12-19-2016 08:35 AM - edited 12-19-2016 08:36 AM
Hi,
I'm trying to implement reading from multiple COM Ports. I attached the basic idea of the Project. Unfortunatly the Data in the Consumer Loop is somehow corrupted. Am i getting something wrong with the Queue concept? Otherwise i have to lock in the SubVI if there's a error, but I think i'm getting something wrong with the Queue, because if there's just one device selected everything works just fine.
Thanks in advance for your help
mark
12-19-2016 09:22 AM
Where to begin...
1) No need for the sequence structure in your initialization loop.
2) I see no reason to use the Queue name either.
3) In general, the Bytes At Port is not what you want to use. Since you have the termination character turned off, I am left to assume your devices are sending data in a binary format (not ASCII). Do you know how long each of your messages is? How do you know you got a full message and not parts of several messages?
4) You are reading all of the ports and sending them to the consumer loop, and when a second has passed repeat. But the way you have the consumer set up, you wil only see the data from the last port.
5) In general, the Timed Loop causes interesting issues on a Windows machine. Change that to a normal While loop and use a Wait (ms) to time your loop.
As far as your "corruption", I suspect the issue is in how you are reading the serial port.
12-19-2016 09:44 AM
Why are you using a timed loop?
What exactly are you reading from? An instrument? Something you designed?
You are over complicating it from the very beginning.
12-20-2016 01:11 AM
@crossrulz wrote:
Where to begin...
1) No need for the sequence structure in your initialization loop.
2) I see no reason to use the Queue name either.
3) In general, the Bytes At Port is not what you want to use. Since you have the termination character turned off, I am left to assume your devices are sending data in a binary format (not ASCII). Do you know how long each of your messages is? How do you know you got a full message and not parts of several messages?
4) You are reading all of the ports and sending them to the consumer loop, and when a second has passed repeat. But the way you have the consumer set up, you wil only see the data from the last port.
5) In general, the Timed Loop causes interesting issues on a Windows machine. Change that to a normal While loop and use a Wait (ms) to time your loop.
As far as your "corruption", I suspect the issue is in how you are reading the serial port.
Hi crossrulz,
I deleted the Queue name and replaced the timed loop with a while loop. I'm reading messages from a µC and they vary in length (binary fromat).

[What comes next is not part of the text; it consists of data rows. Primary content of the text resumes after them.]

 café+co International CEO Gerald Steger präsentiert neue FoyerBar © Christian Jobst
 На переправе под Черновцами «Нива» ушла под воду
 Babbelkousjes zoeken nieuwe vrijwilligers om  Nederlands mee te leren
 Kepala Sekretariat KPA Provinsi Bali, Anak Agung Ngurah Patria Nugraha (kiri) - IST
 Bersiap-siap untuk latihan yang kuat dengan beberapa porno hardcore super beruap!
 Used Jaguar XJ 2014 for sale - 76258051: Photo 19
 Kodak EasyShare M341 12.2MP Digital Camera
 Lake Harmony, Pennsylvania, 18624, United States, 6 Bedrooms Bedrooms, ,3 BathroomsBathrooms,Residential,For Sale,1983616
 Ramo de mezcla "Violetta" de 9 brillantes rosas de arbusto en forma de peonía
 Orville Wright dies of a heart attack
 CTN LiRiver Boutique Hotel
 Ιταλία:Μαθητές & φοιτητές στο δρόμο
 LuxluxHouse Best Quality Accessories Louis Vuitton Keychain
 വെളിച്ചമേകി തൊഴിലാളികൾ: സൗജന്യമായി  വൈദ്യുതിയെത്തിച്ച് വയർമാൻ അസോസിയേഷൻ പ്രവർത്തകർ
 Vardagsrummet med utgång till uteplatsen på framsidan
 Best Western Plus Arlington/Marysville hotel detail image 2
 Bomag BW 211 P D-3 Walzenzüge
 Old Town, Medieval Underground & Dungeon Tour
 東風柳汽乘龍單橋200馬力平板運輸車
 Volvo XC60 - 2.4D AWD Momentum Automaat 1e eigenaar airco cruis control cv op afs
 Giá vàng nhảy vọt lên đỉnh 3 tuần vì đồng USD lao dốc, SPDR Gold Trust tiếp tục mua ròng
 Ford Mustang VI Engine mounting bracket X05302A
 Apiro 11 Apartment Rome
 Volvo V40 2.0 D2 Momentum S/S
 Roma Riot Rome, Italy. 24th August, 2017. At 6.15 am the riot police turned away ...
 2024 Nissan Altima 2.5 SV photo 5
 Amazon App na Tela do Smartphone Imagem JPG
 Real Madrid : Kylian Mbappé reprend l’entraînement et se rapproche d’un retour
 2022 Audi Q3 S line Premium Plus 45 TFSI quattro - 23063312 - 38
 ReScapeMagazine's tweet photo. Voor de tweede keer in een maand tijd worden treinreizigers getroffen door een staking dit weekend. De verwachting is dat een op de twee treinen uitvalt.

In the Test VI I'm doing error handling if something is wrong or not recieved. So I assume something is wrong with the Queue, because there're no errors when reading the messages, but when I show them in the indicator.
12-20-2016 06:02 AM
mark_wer wrote: So I assume something is wrong with the Queue, because there're no errors when reading the messages, but when I show them in the indicator.
Ok, let's explore this a little more. What exactly is the "error" you are seeing?